Estas palabras pueden resultar inquietantes; no obstante, si viviéramos en la libertad de los hijos de Dios tal vez no nos alarmen en exceso. Precisemos la cuestión: en primer lugar, la reflexión es puramente moral y no correspondería hacer conjeturas de orden social o político. En segundo lugar –es consejo de varios–, hay que distinguir entre pobreza y miseria; entendiendo al pobre como aquel que no recibió bienes superfluos y vive al día con el trabajo de sus manos. Una pobreza digna que fue desdibujándose con la era industrial y demás avatares modernos. Por último: el Evangelio no le exige al rico hacerse pobre (es un consejo evangélico, “vende lo que tienes y dadlo a los pobres…”, pero no estamos obligados, ni es necesario para nuestra perfección seguir el consejo; cf. ST, II-II, q. 184, a. 3), sino comprender que es mero administrador y, en consecuencia, su riqueza será carga en vez de consuelo y, atento a los bienes del Cielo, procurará servir con aquella a los demás.

En el fondo, se trata de vivir según el Espíritu sin sujeciones a la tierra; se trata de ser liberados. El problema es que “la liberación –escribe Leclerc– es difícil cuando se vive en medio de estos bienes, cuando en cada momento se nos hacen presentes por los goces que permiten, los cuidados que exigen, las satisfacciones que dan a nuestro amor propio, convirtiéndonos en los dichosos de la tierra”. Por eso, continúa Leclerc, aunque “hay pobres con espíritu de riqueza y ricos pobres de espíritu; sin embargo, esto no es lo corriente, especialmente lo segundo. Parece más fácil lograr que el pobre acepte la pobreza, que inspirar el espíritu de pobreza en el rico” (Jacques Leclerc, El cristiano ante el dinero).

Para prevenirnos de este engaño oculto, entonces, lo que se nos exige a priori, es deshacernos de todo lo superfluo, de lo que nos sobra… ese sobrante es lo que pertenece al prójimo, lo que no quiso dar Epulón, la riqueza de la iniquidad de la que habla el Evangelio, la riqueza del consuelo que reservamos para nosotros y que se nos ha concedido para satisfacer a nuestros hermanos. Querer despojarse de ella es elegir la pobreza; y esa elección interior (se tenga mucho o poco) es la que nos hace bienaventurados. Porque, en definitiva, es el desprecio a las riquezas el que nos hace pobres en el espíritu.

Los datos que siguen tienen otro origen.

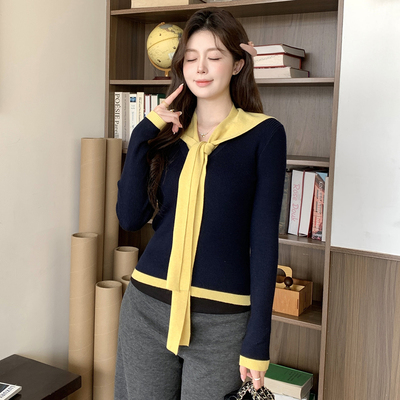 Ciobbur针织衫撞色披肩宽松上衣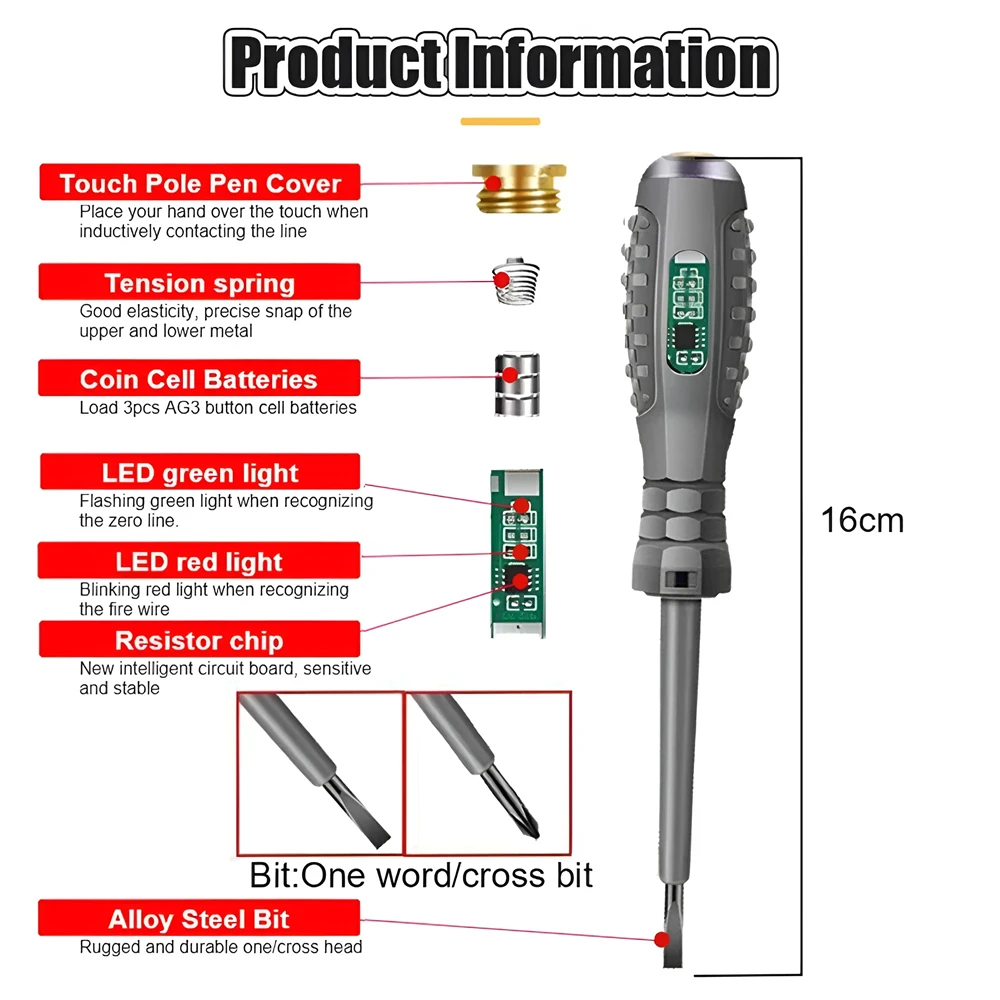 Word/Cross Screwdrivers Neon Bulb Indicator Meter Electric Pen Insulated Electrician Highlight Pocket Digital Voltage Tester Pen 6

La clave cristiana parece estar en el consejo del Apóstol Pablo a Timoteo de contentarse con lo necesario (Tim I, VI, 7-8). Pero se requiere una gran virtud para encarnar dicho axioma. Primero, para saber qué cosas son verdaderamente necesarias; porque hay muchos caprichos burgueses que han tomado el nombre de necesidad, los ejemplos abundan. Segundo, por lo difícil que resulta ponerse contento sólo con lo necesario; ni más, ni menos. Y para alcanzar este orden afectivo respecto de los bienes de este mundo, es preciso despreocuparnos de ellos, como las aves del cielo y los lirios del campo. Quien ha obtenido esta libertad sabrá cuál es la medida de la necesidad, porque es la medida del amor. No existen fórmulas matemáticas para juzgar la necesidad de cada uno. Quienes tienen dinero, a menudo confunden los gastos superfluos con los necesarios y ¿quién les dará el conocimiento verdadero? El amor, la vida del espíritu.

Hay, además, un indicador que puede ayudarnos a descubrir esta medida y lo trae San Basilio en el comentario al versículo de Lucas que anotamos al inicio del texto. Dice así:

“para no confundirnos con los enemigos del Señor, debemos aceptar todas las cosas cuando las circunstancias así lo exigen, para dar a entender que todo es puro para los que tienen su corazón limpio; usando así de las cosas que son necesarias para la vida, y absteniéndonos en absoluto de todo aquello que incita a la complacencia. No todos pueden prescribirse la misma hora, ni el mismo modo, ni la misma cantidad; pero todos deben tener la misma intención de no llegar a la saciedad”.

Magnífica lección que propone un principio vital: no hartarse de los bienes mundanos. Precisamente allí, en ese hartazgo (o en la búsqueda del mismo), es donde sucumben los pudientes; porque esa saciedad es su consuelo.

La justeza del consejo paulino, el contento de lo necesario, es el pedido de Agur en los Proverbios: “…no me des ni pobreza ni riqueza; dame solamente el pan que necesito” (Prov XXX, 8-9). Es el pedido del hombre sabio que sabe que la miseria puede conducirlo al hurto o la blasfemia, y la riqueza a renegar de Dios. Por ello, dicha medida espiritual es la que otorga “unidad de visión” –de nuevo Knox–, pues tener más o tener menos de lo que se ajusta a nuestras necesidades comportará peligros continuamente.

¿No tienes lo que necesitas para vivir? Pídelo al Señor con humildad de corazón. ¿Lo tienes? Agradece Sus dones. ¿Tienes más de lo necesario? Considéralo una carga sobre tus hombros, pues te ha tocado ser distribuidor de los bienes de Dios. Porque no siempre nos será concedida la gracia de disponer de lo necesario, pero es menester atender la lección del Apóstol para ser solícitos en su consecución.

Concebir de este modo las riquezas nos evitará el consuelo, haciéndonos hombres desprendidos y generosos. Y como “no se afectan de igual modo los que tienen poco que los que tienen mucho” (San Juan Crisóstomo, en Catena Aurea) –según hemos visto–, estas líneas seguramente perturben o aturdan más a los hombres de buena posesión y posición, puesto que en ellos radica la mayor dificultad (por eso son tan dignos de elogio los ricos que no ponen la esperanza en sus tesoros. Cf. Ecli XXXI, 8-11).